Pasado un tiempo, alguien más llego a refugiarse con ellos. Siendo esta vez una preciosa niña: delicada, sonriente y tan llena de vida; que los hizo vibrar, sentirse tan plenos y llenos de una inmensa felicidad. Esto significaría otro reto con el que lidiar.
Pero no importaba, son luchas con las que tenemos que bregar y así recibir el fruto que podamos disfrutar.
Y con premura, se pusieron a iniciar el camino que los llevaría dichosos hacia lo hermoso y verdadero de la vida.
Eran dos, los que rondaban por doquier y hacían de sus vidas, una verdadera aventura en las que en momentos no sabían cómo actuar. A menudo se preguntaban: ¿Estaremos haciéndolo bien o mal?. Como la respuesta no estaba clara, seguían caminando con pasos inseguros y con miedo a poderse equivocar.
El manual no es legible y es difícil de descifrar. Pero una cosa si tenían segura, el inmenso amor que les podían dar, esto al menos nunca les faltara.
Pasaron cuatro años y no sabían bien pero algo faltaba en ese puzzle para completar. Pensaron en un tercero. ¿Sería eso quizás?. No querían que estuviesen solos. Una tercera opinión en momentos difíciles siempre puede ayudar.
Esta vez se vieron sorprendidos por una infinita dulzura. De pronto, contemplaban unos ojos verdes como el mar, serena, apacible; que solo con mirarla te trasmitía una inmensa paz. Estaban asustados, ¡donde se habían metido esta vez¡. Cada instante sería más difícil, más arriesgado; pero en cambio, aunque el reto era complejo, no era el tiempo de abatirse, sino de luchar con los momentos que se pudieran presentar.
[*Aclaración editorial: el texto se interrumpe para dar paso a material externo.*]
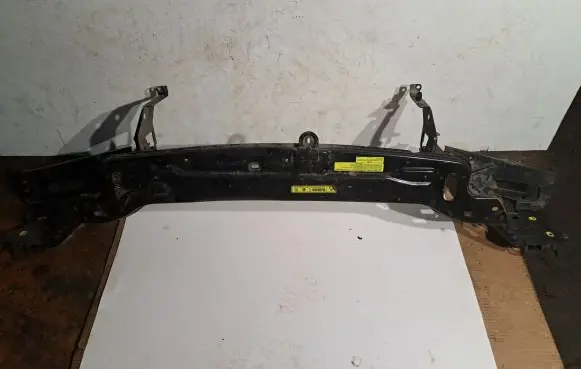 Top upper radiator support slam panel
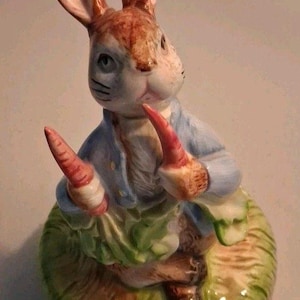 May include: A ceramic figurine of a brown rabbit wearing a light blue jacket. The rabbit is standing on a textured green base and holding two orange carrots in its paws. The rabbit has long ears, a white chest, and a detailed facial expression.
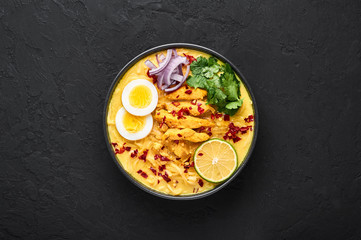 Ohn No Khao Swe in black bowl at dark slate background. Oh No Khao Suey is Coconut Milk Noodle Soup...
Pasaron los años, con desvelos y esmeros para que todo saliera bien.
Sin apenas darse cuenta ya eran mayores. Se habían formado en personas con valores, llenos de sabiduría y un saber estar, que los convirtió entrañablemente en seres sensibles y solidarios con los demás.
Cuando todo parecía ir sobre ruedas… La alegría quiso volar, la dejaron levantar el vuelo, muy a su pesar. Sabían que tenía que irse, era por su bien y no más. En cambio una parte de sus vidas con ella se les va, dejándoles un vació que nunca pudieron sospechar.
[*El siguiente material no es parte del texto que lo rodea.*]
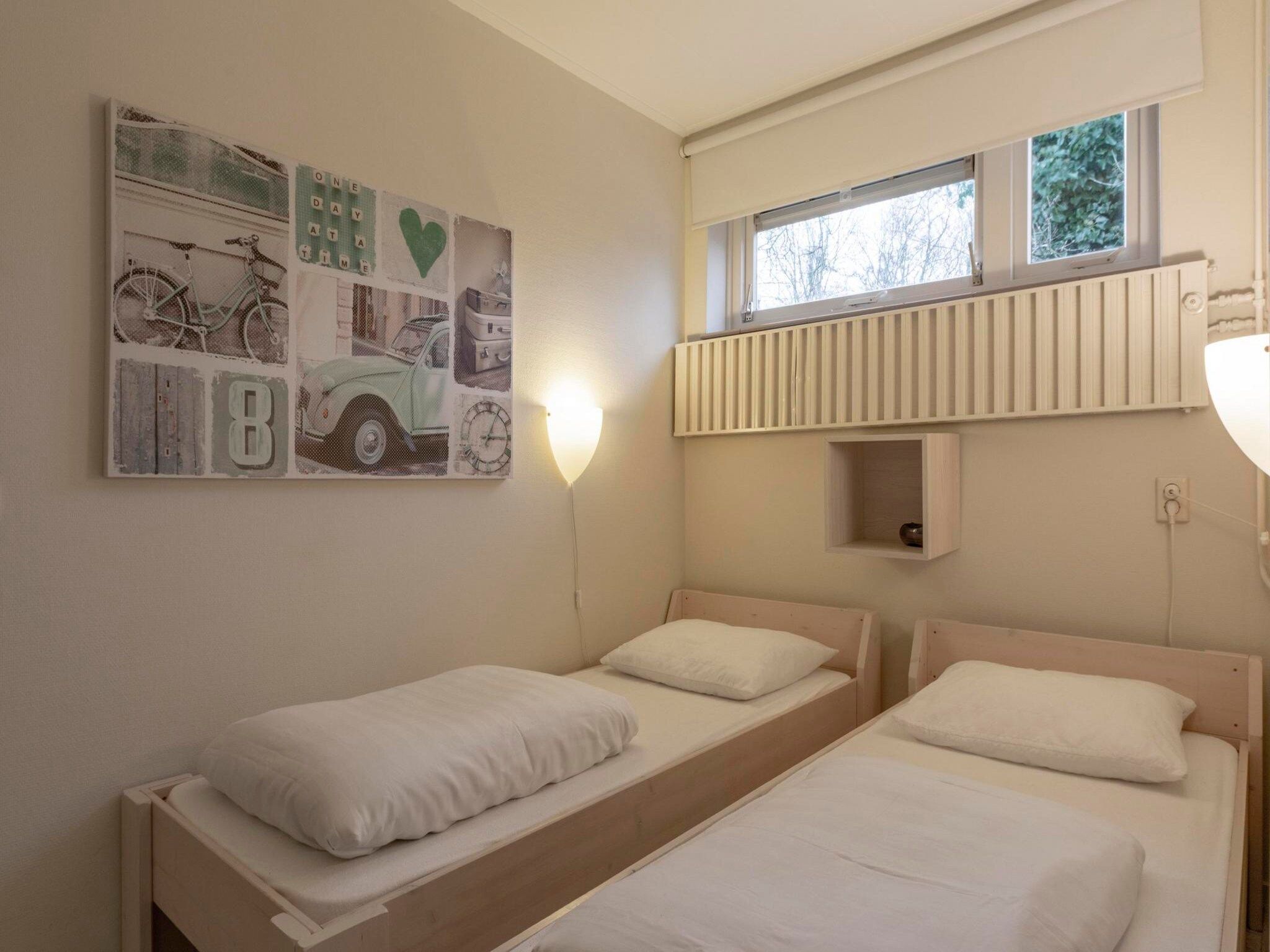 Een slaapkamer van Duinland 181 in Sint Maartenszee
La dura prueba de su ausencia, se fue apaciguando al ver su felicidad; se decían constantemente: ¡que poco la podemos disfrutar¡. Era nuestra alegría y nos daba armonía en los momentos difíciles que la vida te da.
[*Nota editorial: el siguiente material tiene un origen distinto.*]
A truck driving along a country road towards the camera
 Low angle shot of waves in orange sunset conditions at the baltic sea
De momento y como si de magia fuera, la luz que les iluminaba, también se quiso emancipar y se sintieron sin saber reaccionar ante lo acaecido, es lógico y es natural, se decían, más ¿cómo se puede uno preparar ante lo evidente?. Les vino tan de sorpresa, no lo esperaban, estaban acostumbrados a su sabiduría, a su bondad. Verse de pronto sin él es arduo de asimilar. Si no puedes vivir sin luz, sin alegría, sin paz; como llevar esta andadura, en un sendero, a veces crudo y duro por la propia inercia de las huellas al andar.
¿Y si algún día, lo que les da una inmensa calma y paz, se va?, ¿Que será entonces, que será?...
Tendrán que preparar de nuevo el nido, para poder cobijar a los nuevos retoños, que sin duda les darán.
Volverá la alegría y la casa de nuevo brillara, encontraran otra vez la calma y la paz volverá a reinar.